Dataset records
*** Begin section ***
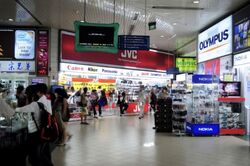 Sim Lim Tower (D8), Shop House #553584221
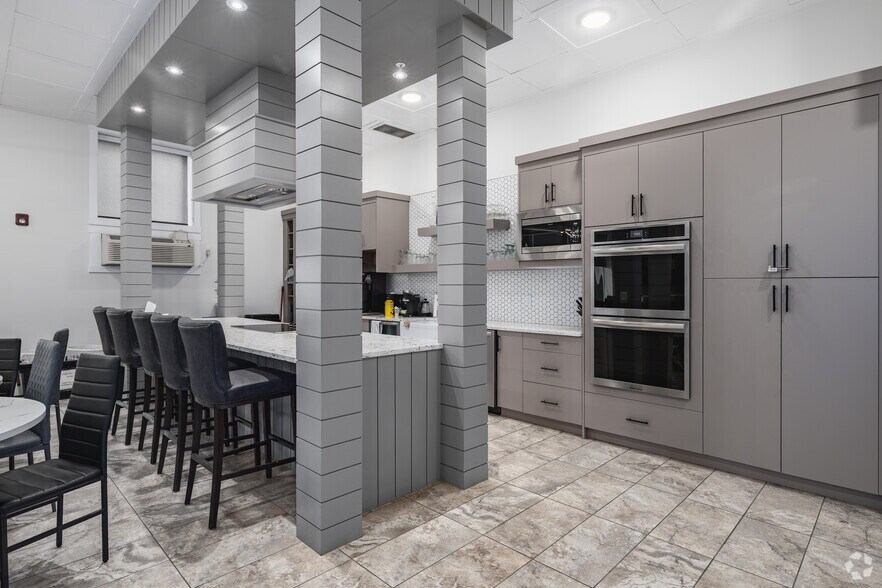 More Photos Of 80 Sage Hill Rd NW, Calgary Apartments For Lease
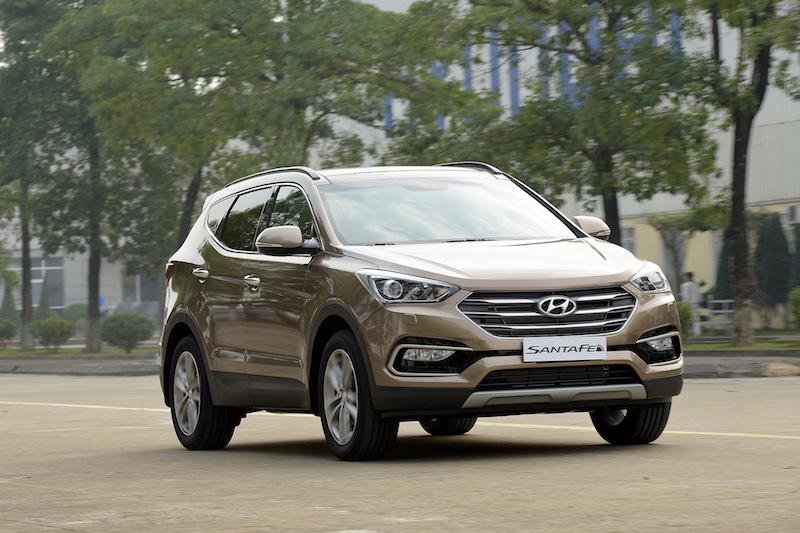 1,2 tỷ đồng, nên mua Hyundai SantaFe bản xăng thường hay Mazda CX-5 bản cao cấp?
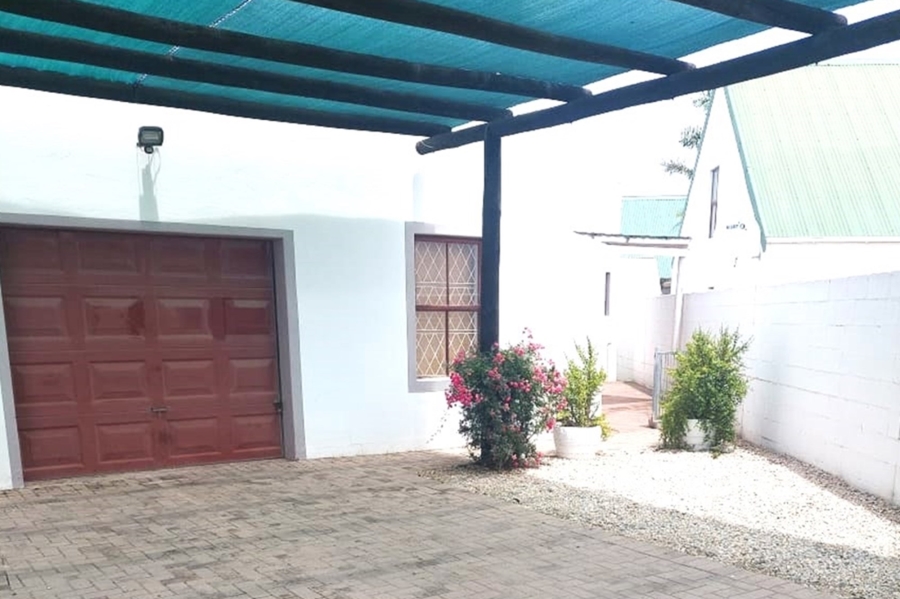 To Let 3 Bedroom Property for Rent in Skiathos Western Cape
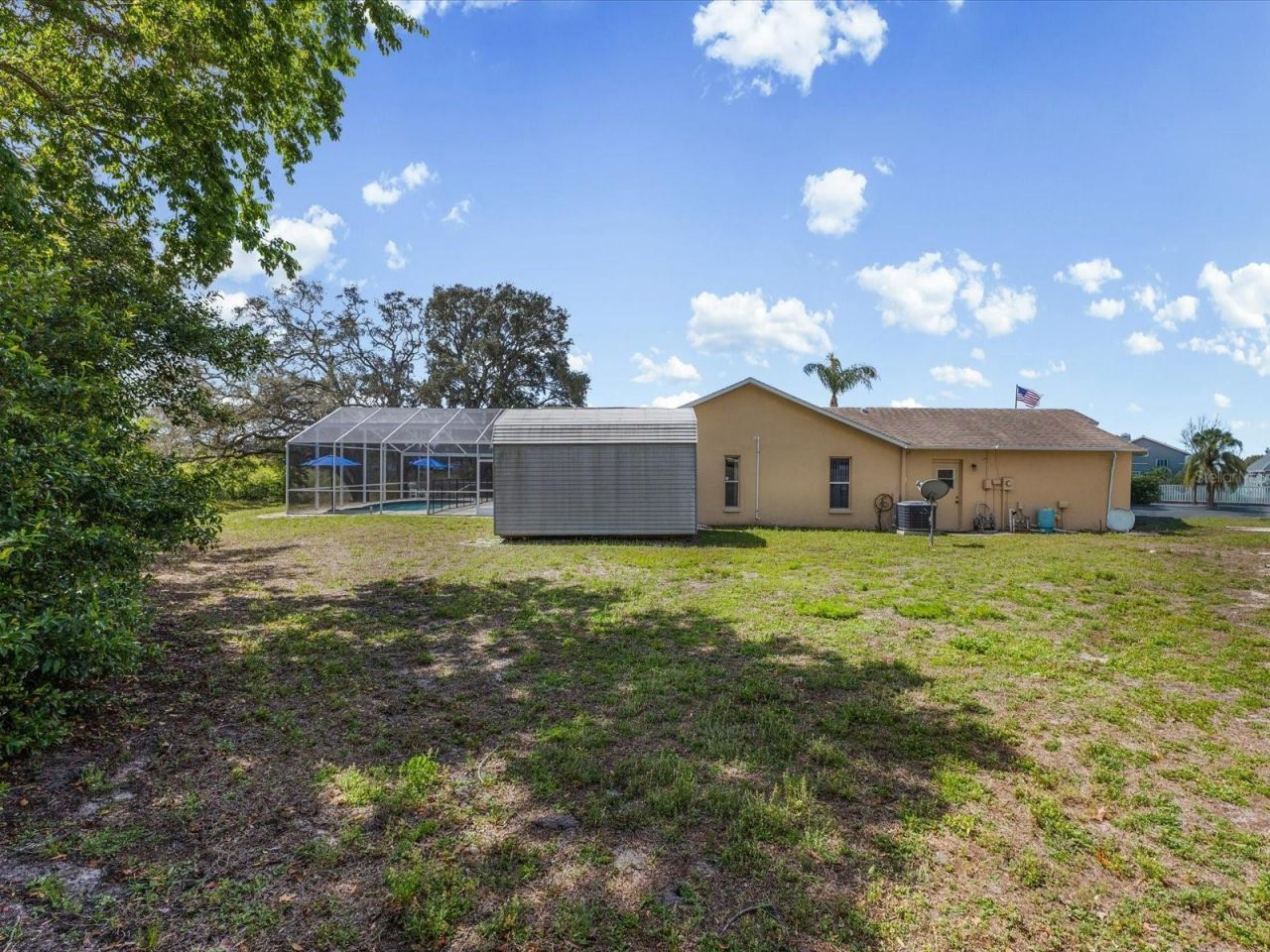 8052 Spring Hill Drive, Spring Hill, FL 34606 Photo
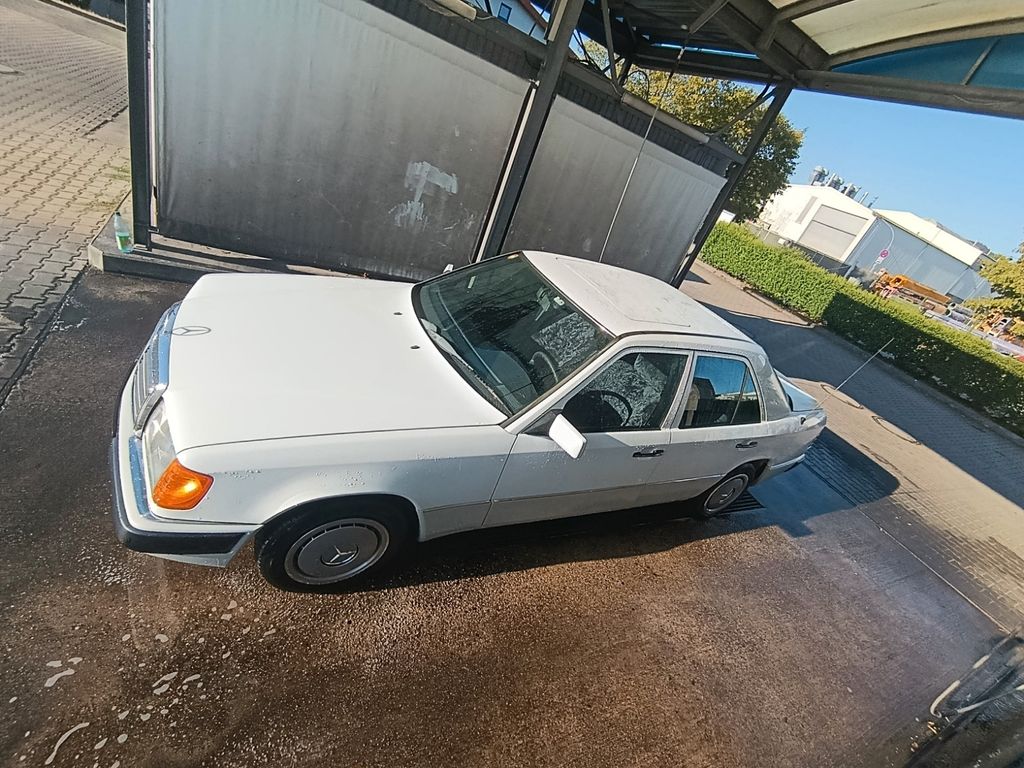 Mercedes-Benz 200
*** End section ***
- EXERCISE DIRECTIONS
Write out the line that contains "1,2 tỷ đồng, nên" and every line after it to the end of the data, exactly as they stand. Omit the pictures.

- YOUR RESPONSE
 1,2 tỷ đồng, nên mua Hyundai SantaFe bản xăng thường hay Mazda CX-5 bản cao cấp?
 To Let 3 Bedroom Property for Rent in Skiathos Western Cape
 8052 Spring Hill Drive, Spring Hill, FL 34606 Photo
 Mercedes-Benz 200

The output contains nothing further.